Halfway through that list of fears that I came up with...I started to want to play the game, because I realized no other game was like this. It is a strange thought that the bad parts that a "traditional family board gamer" can come up with are actually strong selling points of a pen-and-paper game.

But I need to work harder at this I feel, harder at "selling" that fairness part of being a DM. A lot of the hesitance I feel at getting new players excited is the inherent mistrust of the dungeon master. That a DM won't be fair. That a DM will make it up as the game goes on. That a DM will look for every chance to TPK the party. That the DM will change things secretly in the background to either make things harder or easier. That a DM has secrets and can't be trusted. That a DM will use the player's misfortune as a source of enjoyment.

Again, as a DM with over 40 years of experience I laugh at those statements, but with my friend I can see how those same fears can just make someone say, "I can't put that must trust in someone so I am going to walk away."

The Game is The DM

With traditional board games, the game board is the DM. They are inanimate objects and the interaction between the pawns on the board and the rules define the "world" and the interactions between them are physical and can be understood in a 1-to-1 relationship. Like the Dungeon board game, you have these passages and rooms, you roll dice to move, and to pull cards to see what monster is in a room and your character card gives you the information you need to succeed in that battle. If you win, you pull a treasure card.

The trust is there built into the game, except the trust is contained within the world the game's designer drew on the map and built into the interactions with the pawns and game board. I see all the game's pieces, therefore my trust is built by the interactions between them.

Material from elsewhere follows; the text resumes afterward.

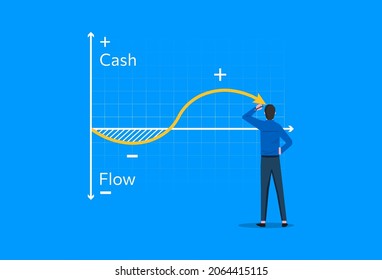 Businessman Drawing Cash Flow Graph Vector Illustration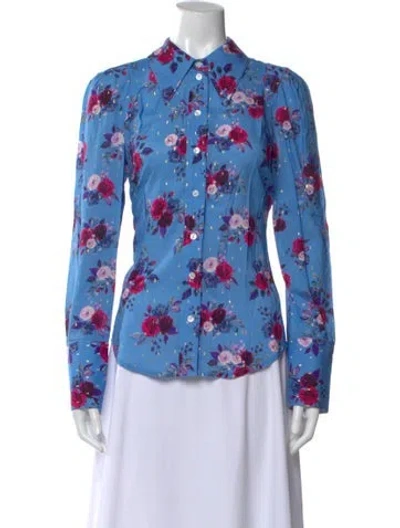 Pre-owned Smythe Floral Print Long Sleeve Button-up Top In Blue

D&D 4 was like this for us. It was "battle chess" for our group. The game was played on dungeon tiles. You didn't really need a DM, as you could setup the scenario and go. You could round-robin the monster's turn among players and have the monsters act to the best of their abilities.

The Module is the DM

I have this feeling how I am going to solve this is hold up one of my modules and say, "we are playing this, my job is to tell you what happens depending on where you go." It sounds so simple and obvious that I wonder why I am even writing this article, because that is what you are supposed to do. It is simple, right?

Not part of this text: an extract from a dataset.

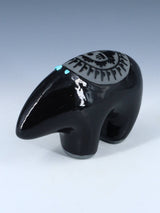 San Juan Pueblo Black Pottery Bear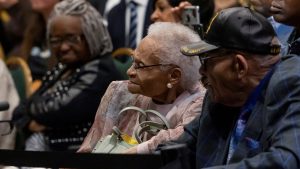 Survivors and siblings Viola Fletcher and Hughes Van Ellis listen as U.S. President Joe Biden delivers remarks on the centennial anniversary of the Tulsa race massacre during a visit to the Greenwood Cultural Center in Tulsa, Oklahoma, U.S., June 1, 2021.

But for my friend, it isn't. She has no concept of any of this. For us in the hobby, this is easy. For outsiders, it is not so easy. That is why I am writing this.

That published module becomes "the game board" in her eyes, the "story book" she will adventure through. I feel this would all be harder if I were to wing it and make things up, because, "what are we doing?" I love narrative games where the action goes wherever the players drive the story to through their actions, but another part of me loves the, "buy it and solve it" style of play with prepackaged adventures. Later on, if we ever meet people who played these adventures as well we can share stories.

This becomes an experience she can talk about to others, and they can have that same experience - and they know the game's name, the adventure, and that becomes something she can share more than, "That person played this game with me and was a really good DM and he made things up and I had fun. I don't know the name what we played but we had fun."

Winging it can come later, and more story-oriented play can come later. She may just have fun doing this and that is all we do. For now, I think I solved the problem, even if this solution was the way I was supposed to do it in the first place.

But thinking through this in a different way gives me the perspective from her viewpoint, and I find that very helpful for introducing the game to her and all it has to offer.